▶ The data
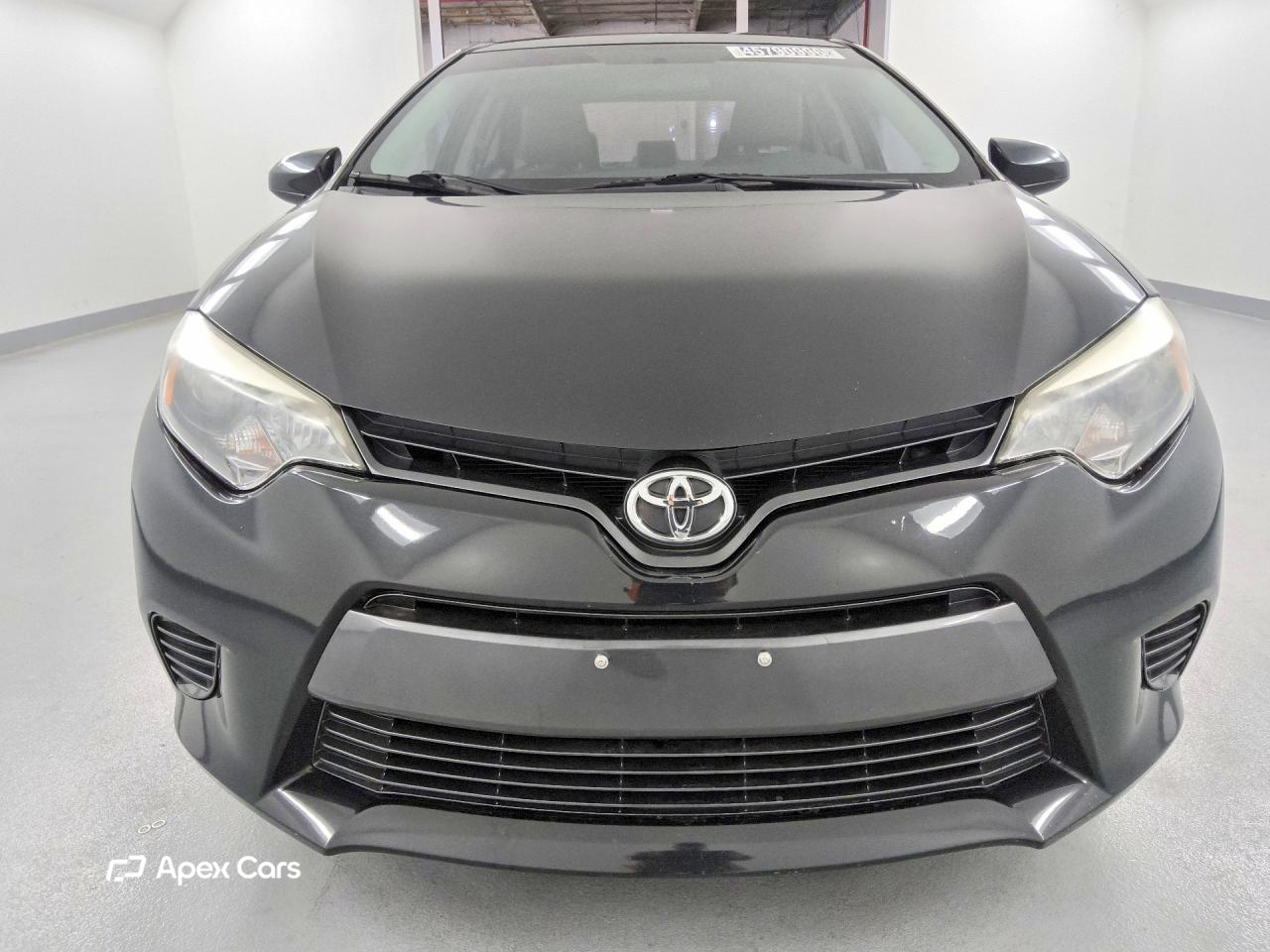 Toyota Corolla 2016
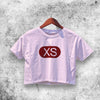 Rachel Green XS Crop Top Friends Shirt Aesthetic Y2K Shirt - WorldWideShirt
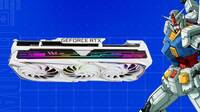Las rarísimas gráficas RTX 3080 de Gundam se revenden para mineros de criptomonedas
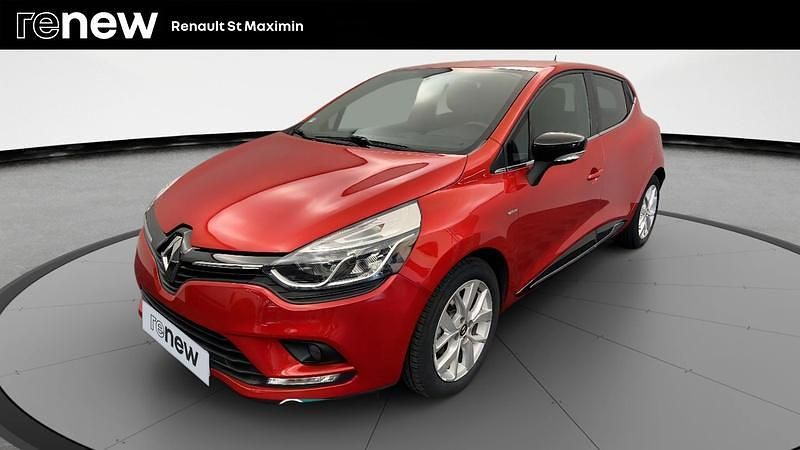 Rouge Utilisé 2018 Renault Clio IV Zen Citadine | 11 690 € (Prix assez cher) - Image 1/4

▶ What to produce
Leave out the pictures and give the rest of the material again, unaltered.

▶ Answer section
 Toyota Corolla 2016
 Rachel Green XS Crop Top Friends Shirt Aesthetic Y2K Shirt - WorldWideShirt
Las rarísimas gráficas RTX 3080 de Gundam se revenden para mineros de criptomonedas
 Rouge Utilisé 2018 Renault Clio IV Zen Citadine | 11 690 € (Prix assez cher) - Image 1/4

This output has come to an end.